Impala’s speed now beats the fastest SQL-on-Hadoop alternatives. Test for yourself!
Since the initial beta release of Cloudera Impala more than one year ago (October 2012), we’ve been committed to regularly updating you about its evolution into the standard for running interactive SQL queries across data in Apache Hadoop and Hadoop-based enterprise data hubs. To briefly recap where we are today:
- Impala is being widely adopted.
Impala has been downloaded by people in more than 5,000 unique organizations, and Cloudera Enterprise customers from multiple industries and Fortune 100 companies have deployed it as supported infrastructure, integrated with their existing BI tools, in business-critical environments. Furthermore, MapR and Amazon Web Services (via its Elastic MapReduce service) recently announced support for Impala in their own platforms. - Impala has demonstrated production readiness.
Impala has proved out its superior performance for interactive queries in a concurrent-workloads environment, while providing reliable resource sharing compared to batch-processing alternatives like Apache Hive. - Impala sports an ever-increasing list of enterprise features.
Planned new enterprise features are materializing rapidly and according to plan — including the addition of fine-grained, role-based authorization, user-defined functions (UDFs), cost-based optimization, and pre-built analytic functions.
In this update, you’ll read about some exciting performance results (based on an open decision-support benchmark derived from TPC-DS) that not only prove out Impala’s continuing superiority over the latest releases of Hive (0.12) for interactive queries, but also query performance across open Hadoop data faster than that of a leading proprietary analytic DBMS across data in its native columnar data store. (Yes, you read that right!)
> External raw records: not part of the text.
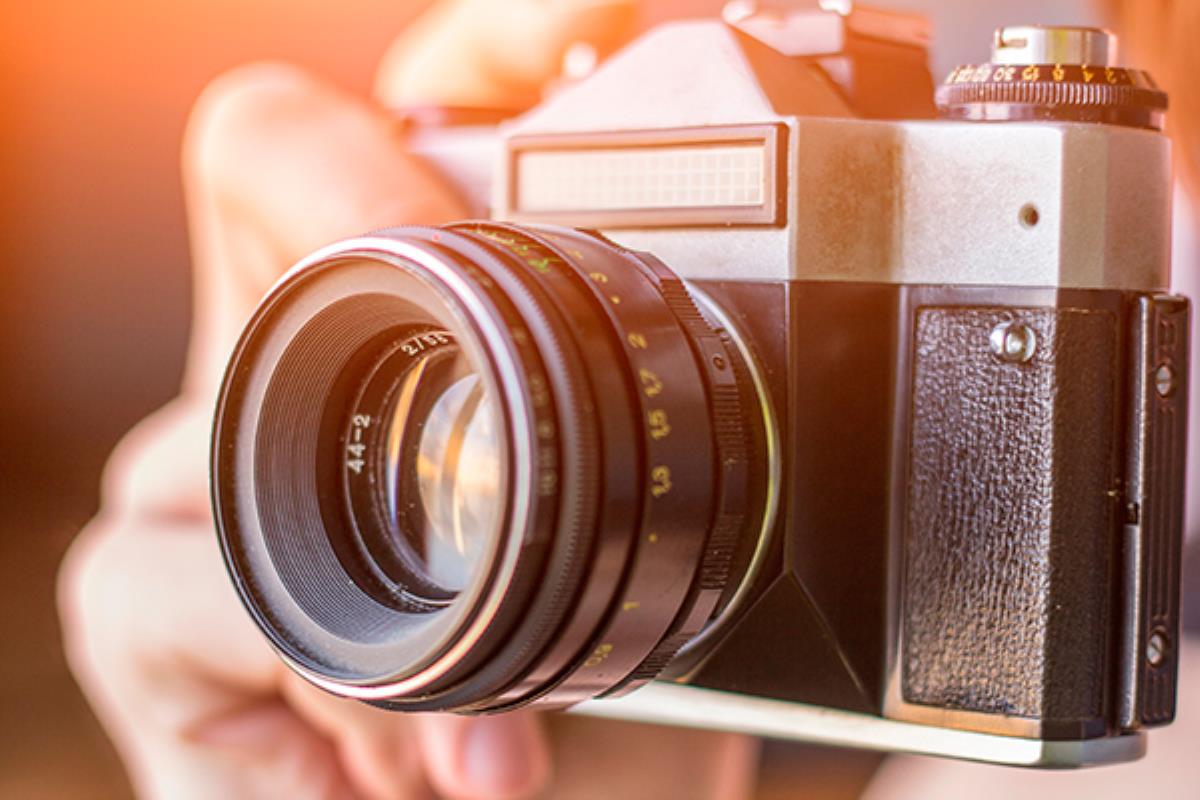 Participa en el concurso de fotografía “La ciudad en fiestas”, el primer premio es de 250 euros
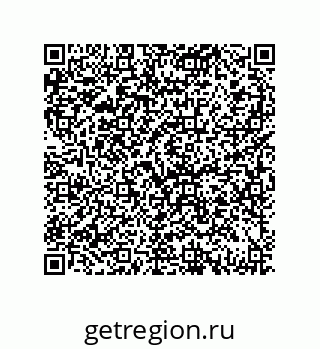 79069064881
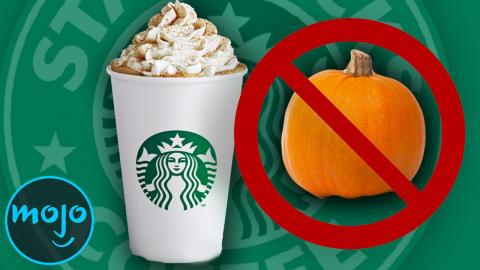 Top10 Starbucks Controversies_X9X8F7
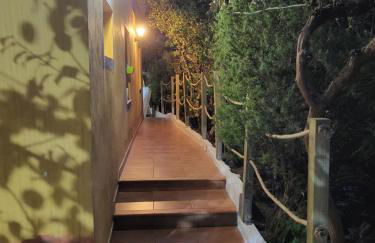 Villa Rita - Photo 42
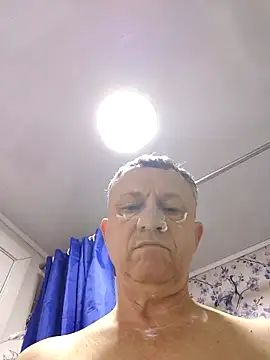 Sashabikros online show from 21, 2, 2026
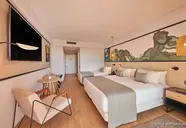 Dreams Lanzarote Playa Dorada Resort & Spa 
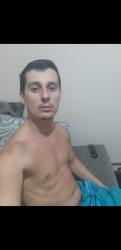 Escorte Sexy - Bucuresti - Buna fetelor barbat singur caut femeie alex ma numesc te astept sa vorbim telefon watshapp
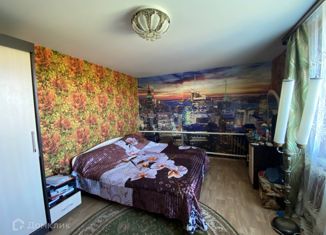 Продаю дом, 56.5 м2, поселок городского типа Ракитное, Коммунистическая улица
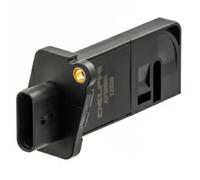 Misuratore di flusso d'aria senza alloggiamento AF10504-12B1 DELPHI per BMW X5 7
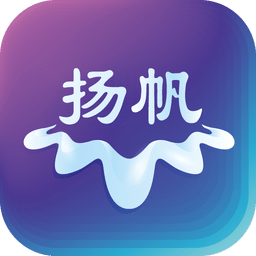 爱游戏官方平台：游戏玩家的最佳选择与推荐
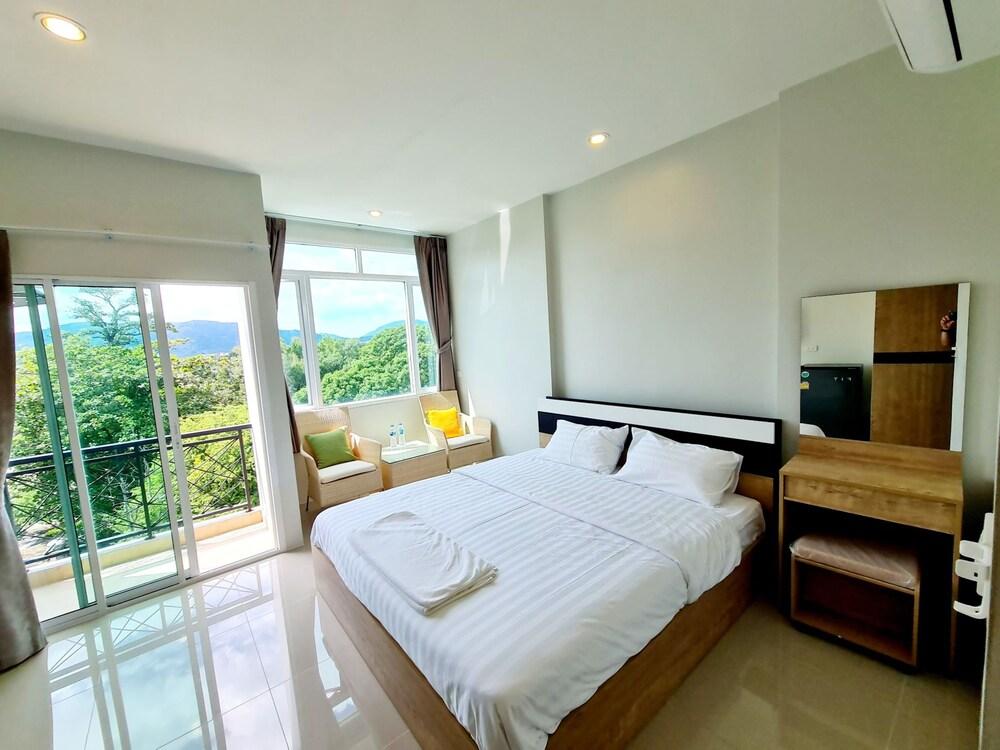 Studio309@Phuket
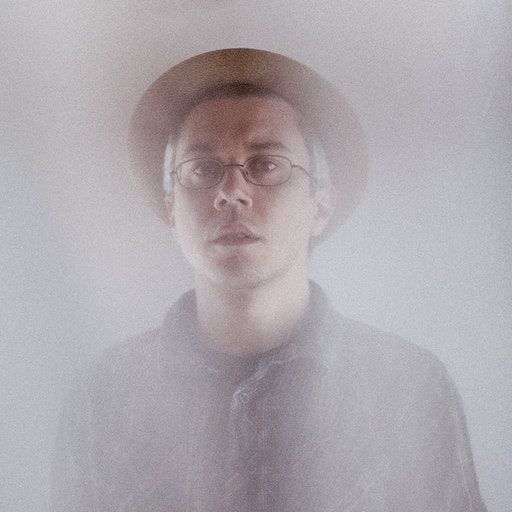 Headphone Highlights – Dean Hurley: Image and Sound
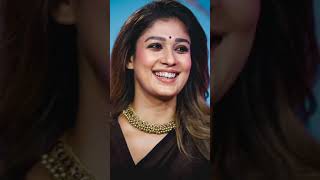 Nayanatara Hd Pics Whatsup Status Full Screen Video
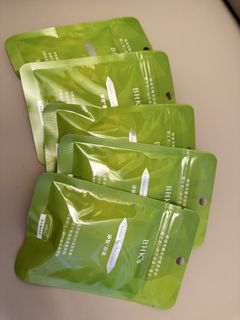 （分類：）位於 。 由 beauticollection 提交（商品編號 1463656892，圖片 1）。簡介： 。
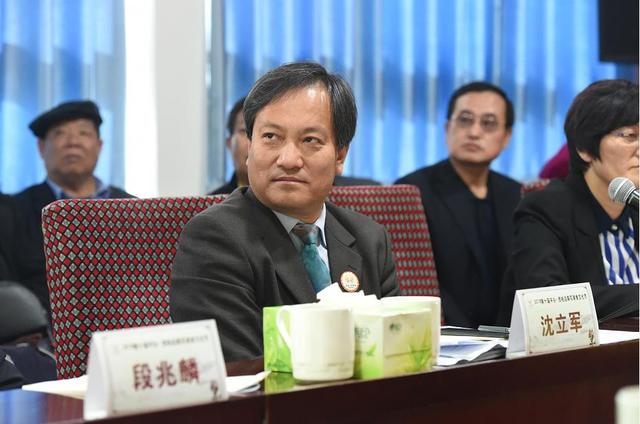 第十届平谷·西柏店菊花美食文化节 暨首届菊花文化创意集市开幕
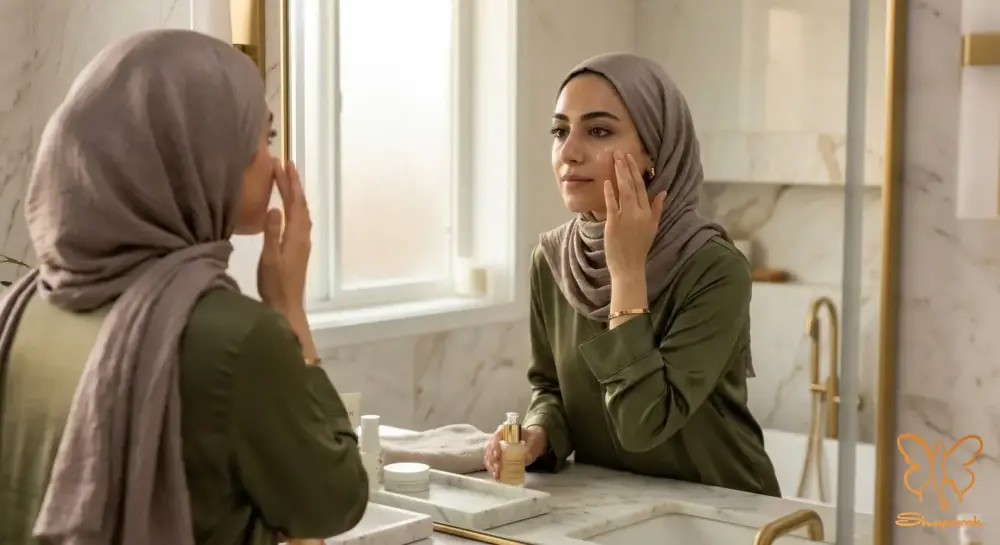 نقش وزن مولکولی در جذب آبرسانها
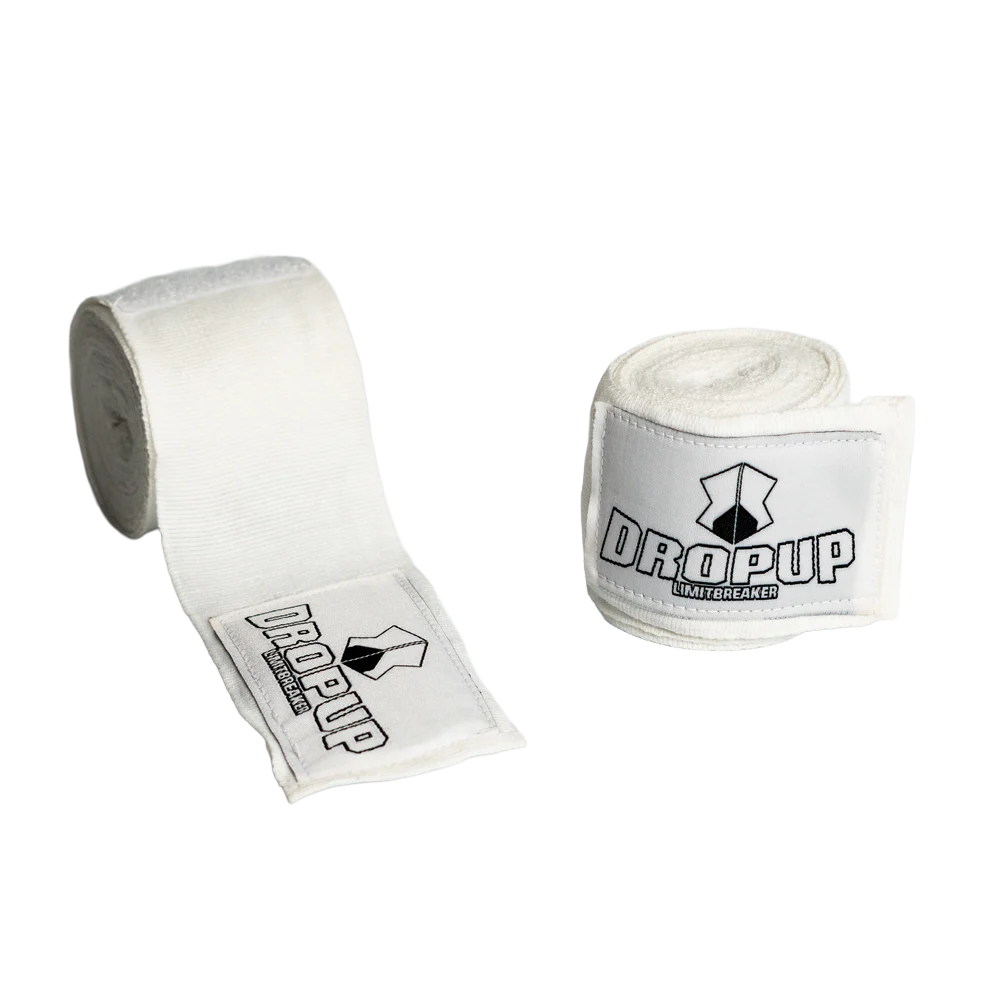 Kampfsport Bandagen 4,5M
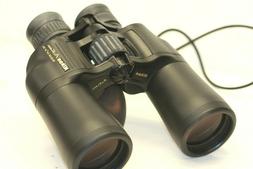 Zoom Brillant & Transparent Puissant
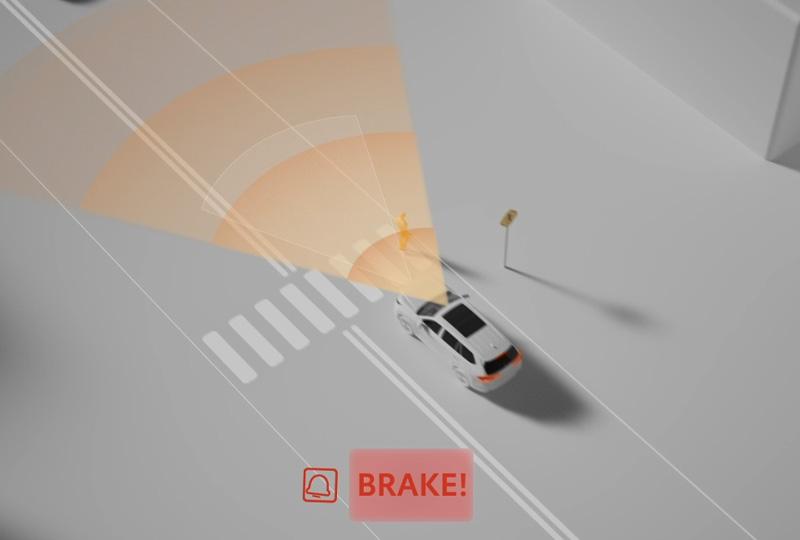 Toyota Corolla Cross Hybrid For Sale In Venice, Fl - Thumbnail 5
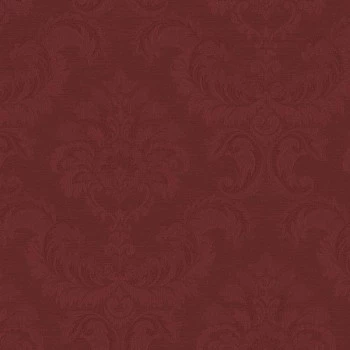 Papel de Parede Simply Silks 3 - SK34738 - VINÍLICO - LAVÁVEL 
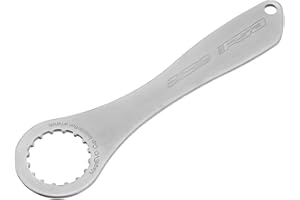 FSA Werkzeug-Innenlager - MegaEvo BB-2 BB386 (EO373) o MegaEvo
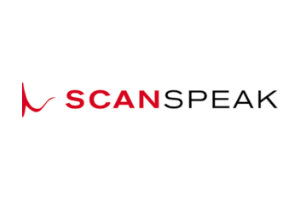 Scan Speak
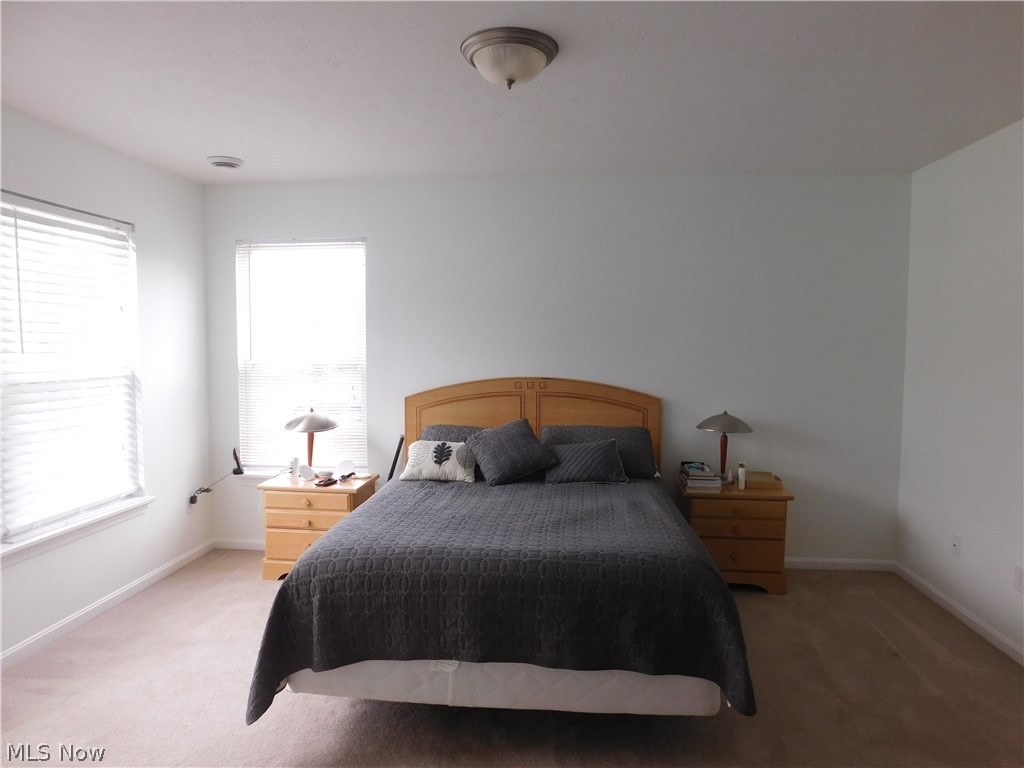 Avalon Estates - Residential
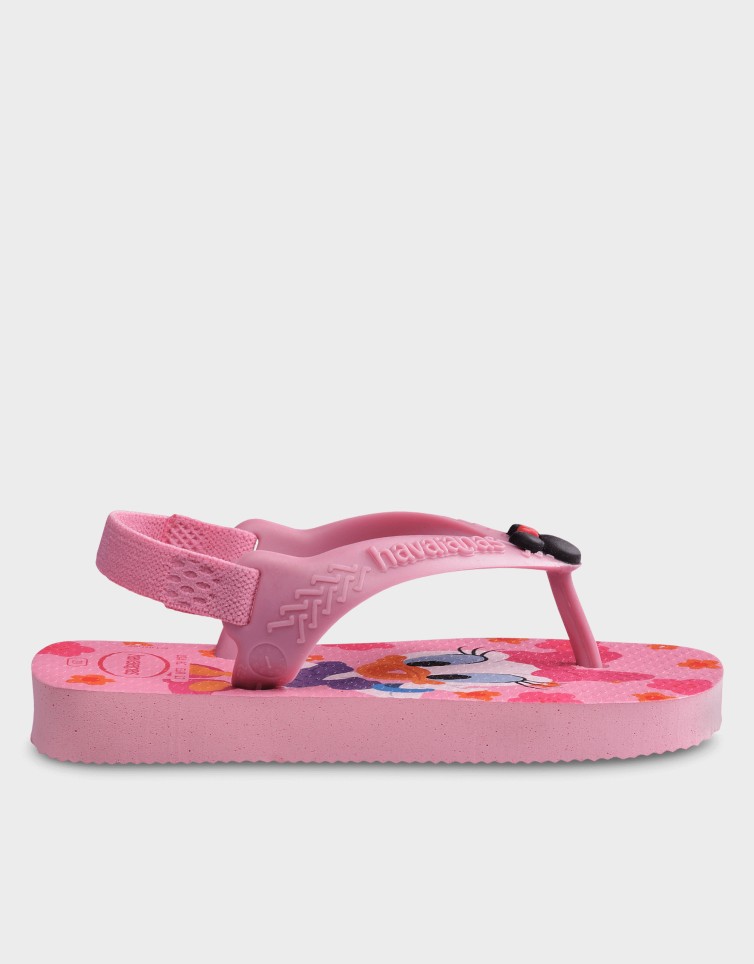 BABY DISNEY CLASSICS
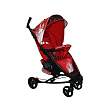 Детская прогулочная коляска Baby Care New York - Фото
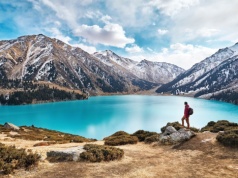Popularne trasy wakacyjne i nowe kierunki – LOT prezentuje letnią siatkę połączeń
Thus far, we consider this milestone the best evidence yet that Impala is unique in its ability to surpass the performance of all SQL-on-Hadoop alternatives, while delivering the value propositions of Hadoop (fractional cost, unlimited scalability, unmatched flexibility) — a combination that the creators of those alternatives (including remote-query approaches and siloed DBMS/Hadoop hybrids) can never hope to achieve.
First, let’s take take a look at the latest results compared to those of Hive 0.12 (aka “Stinger”).
Impala versus Hive
The results below show that Impala continues to outperform all the latest publicly available releases of Hive (the most current of which runs on YARN/MR2).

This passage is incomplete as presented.